The court rejected Capital One’s argument that the relevant markets in the two cases were different. In addition to the fact that IV had not acquired new patents in the relevant investment funds since filing its antitrust counterclaims in the Virginia case, the court found that no company had licensed IV’s patent portfolio, which indicated there was in fact no market for it. Id. at 43-45. In short, there either was no market or it was the same in both cases. Although the court acknowledged that the lack of a relevant market in the Virginia case was only one of two alternative grounds for dismissal of Capital One’s antitrust claims, the court concluded that the issue of market definition in the Virginia case was “fully and fairly litigated,” and it therefore was appropriate to estop Capital One from re-litigating that issue in this case.

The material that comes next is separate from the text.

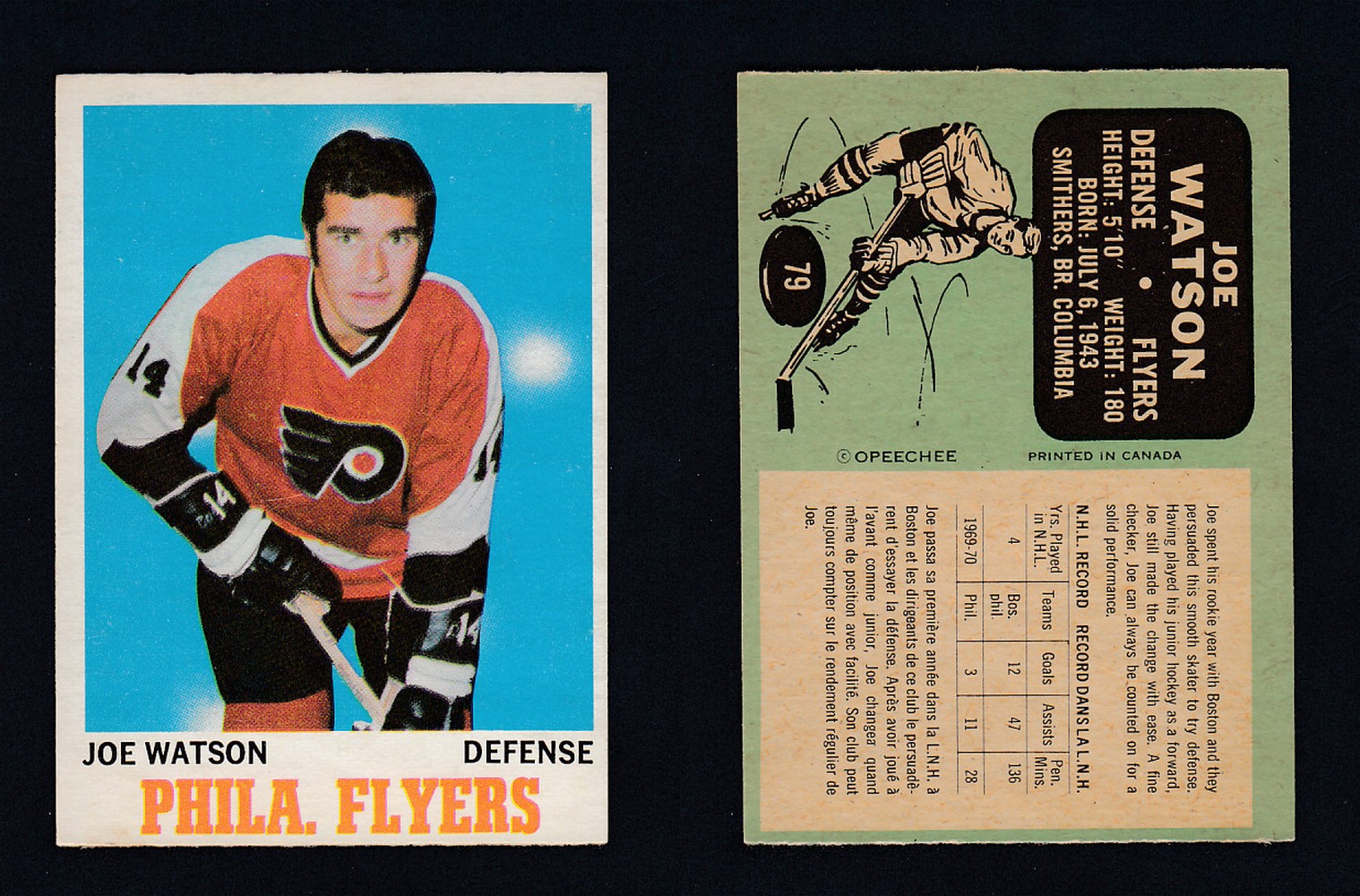 1970-71 O-PEE-CHEE HOCKEY CARD  #78 B. PARENT photo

Id. at 44-52.
Conclusion
The court’s opinion demonstrates some of the hurdles in advancing antitrust counterclaims against a patent assertion entity. Perhaps of greatest importance, the decision focused on the challenge of defining a relevant antitrust market in the context of a demand to license a portfolio of patents, even with the benefit of the views and analyses of two well-credentialed economists. More generally, the court’s decision to grant summary judgment based on Noerr-Pennington immunity (in particular its analysis of the sham litigation exception) and collateral estoppel provides antitrust counterclaim plaintiffs and defendants with useful guideposts for developing evidence to support their arguments. Of course, we have not have heard the final word yet. On December 28, 2017, Capital One filed its notice of appeal in the Federal Circuit.